Lower Bounds on Inverse Cellular Automata via Proof Complexity

TL;DR

This paper investigates the computational complexity of inverse cellular automata, providing simpler proofs of co-NP-completeness and establishing lower bounds on their proof size using propositional proof complexity techniques.

Contribution

It offers a simplified proof of the co-NP-completeness of inverse cellular automata injectivity and derives proof complexity lower bounds via propositional proof systems.

Findings

Deciding injectivity is co-NP-complete.

A simpler reduction from UNSAT is provided.
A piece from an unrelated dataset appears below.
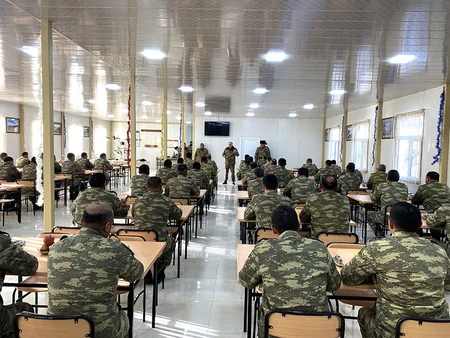 Azərbaycan Ordusunun Baş Qərargah rəisi Kəlbəcərdəki hərbi hissələrdə olub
Lower bounds on proof size are established using proof complexity methods.

Abstract

We study the complexity of inverse cellular automata on configurations of bounded size. Deciding injectivity in this setting is co-NP-complete by a theorem of Durand. We give a simpler proof of this theorem by a direct reduction from UNSAT to this problem, avoiding more complicated intermediate constructions. We also show that one direction of the reduction can be formalized in the weak theory of bounded arithmetic $V^0$. Durand's coNP-completeness result allows one to view inverse cellular automata acting on bounded size configurations as propositional proofs, cf. Cavagnetto, and we prove lower bounds on their size. The proof uses known lower bounds for bounded-depth Frege systems together with the Paris--Wilkie translation of arithmetic proofs into propositional proofs, which allows us to transfer proof complexity lower bounds to our setting.